The coil spring 68 is provided between the locking member 59 and the cover side plate 24. As shown in FIG. 13, one end of the coil spring is in contact with the urged portion 61 of the locking member 59 from below. The other end of the coil spring 68 is fixed to the cover side plate 24. Accordingly, an urging force in a direction of rotating the locking member 59 counterclockwise as viewed from the left side is applied to the locking member 59.

7. Link Member

As shown in FIG. 6, a link member 73 is swingably supported on a link shaft 74 provided in the cover side plate 24. The link member 73 is formed to extend in a direction perpendicular to the axial direction of the link shaft 74, and a link boss 75 protruding rightward is formed at one end of the link member 73. In addition, a movable boss hole 76 in which the movable boss 71 is fitted is formed at the other end of the link member 73.

8. Operation of a Movable Member

Hereinafter, an operation of the movable member 53 will be described with reference to FIGS. 13 to 17. In each drawing, the cover side plate 24 and the operation member 23 are shown by imaginary lines for the simplicity purpose.

As shown in FIG. 13, when the top cover 4 is in the closed posture, the operation member 23 is disposed at the front end within a slidable range.

In this state, the movable member 53 is urged rearward by the spring 57. The locking member 59 is urged by the coil spring 68, and the locking boss 69 is fitted in the receiving portion 55 of the movable member 53. The tip of each LED unit 5 is separated from the top cover 4 to be disposed at a distant position at which the LED unit 5 can expose the surface of the photoconductor drum 6 (refer to FIG. 1).

When the top cover 4 rotates toward the second angle position rotated by the second angle (for example, 35°) from the above state, the operation member 23 moves rearward and the L rib 35 comes in contact with the locking lever 65 of the locking member 59 from the front side as shown in FIG. 14. When the top cover 4 further rotates from this state, the locking boss 69 is separated from the receiving portion 55. That is, the lower end of the locking lever 65 is pressed rearward against the L rib 35, the lever portion 80 (refer to FIG. 19) comes in contact with the edge portion 64 (refer to FIG. 19), and the locking member 59 rotates counterclockwise as viewed from the right side. Then, the locking boss 69 (refer to FIG. 19) moves in a direction of being lifted upward. As a result, regulation of movement of the movable member 53 is released. In addition, the urged portion 61 (refer to FIG. 19) moves in a direction of being pressed downward. Accordingly, a compressive force is applied to the coil spring 68. In addition, when the top cover 4 is disposed at the first angle position rotated by the first angle (for example, 40°) from the closed posture, the contact portion 33 of the operation member 23 comes in contact with the link boss 75 of the link member 73 from the front side thereof, as shown in FIG. 15. From this state, when the top cover 4 further rotates, the contact portion 33 of the operation member 23 presses the link boss 75 of the link member 73 pressed rearward. Then, each LED unit 5 starts to rotate around the LED support hole 29. That is, the link boss 75 rides on the contact portion 33 of the operation member 23 by further rearward movement of the operation member 23. Then, the link member 73 rotates around the link shaft 74 to move the movable member 53 downward to the front side through the movable boss 71. As a result, each LED unit 5 rotates around the LED support hole 29 and the other end faces toward the rotatable shaft 15 (refer to FIG. 1).

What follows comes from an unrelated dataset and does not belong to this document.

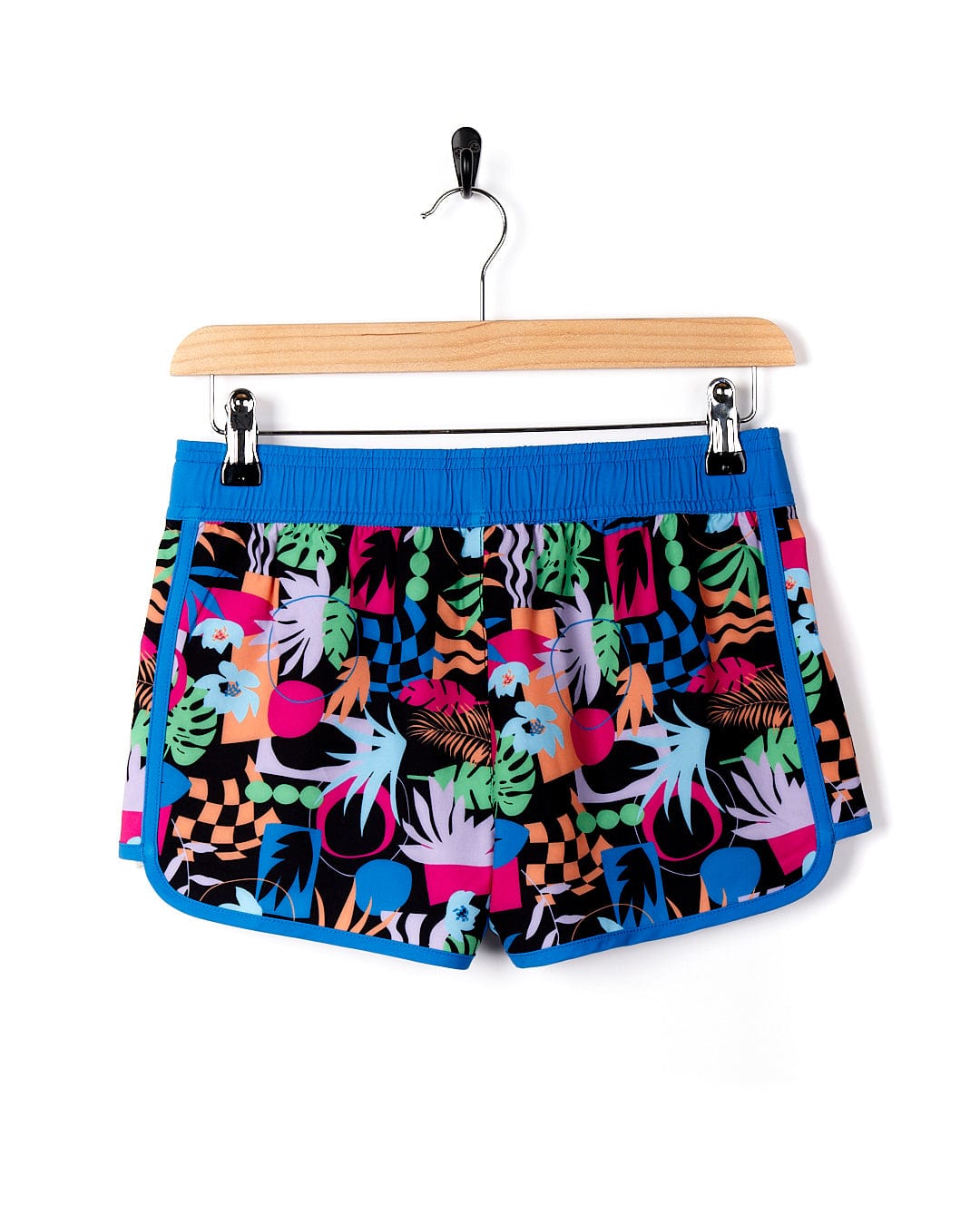 A women's Zephyr - Kids Boardshort - Blue with tropical print on it. (Brand: Saltrock)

After the lower end of the locking lever 65 moves ahead of the L rib 35 in a state (state of FIG. 15) of being pressed rearward by the L rib 35, the lower end of the locking lever 65 is separated from the L rib 35 as shown in FIG. 16. Then, the coil spring 68 to which the compressive force has been applied is restored, and accordingly, the locking member 59 rotates clockwise as viewed from the right side.

When the top cover 4 is rotated to a third angle position rotated by the third angle (for example, 40°) from the open posture, the operation member 23 moves frontward and the link boss 75 is separated from the contact portion 33 as shown to FIG. 17. Then, the movable member 53 moves upward to the rear side by the urging force of the spring 57. As a result, each LED unit 5 rotates around the LED support hole 29 and the other end is disposed at a distant position separated from the top cover 4.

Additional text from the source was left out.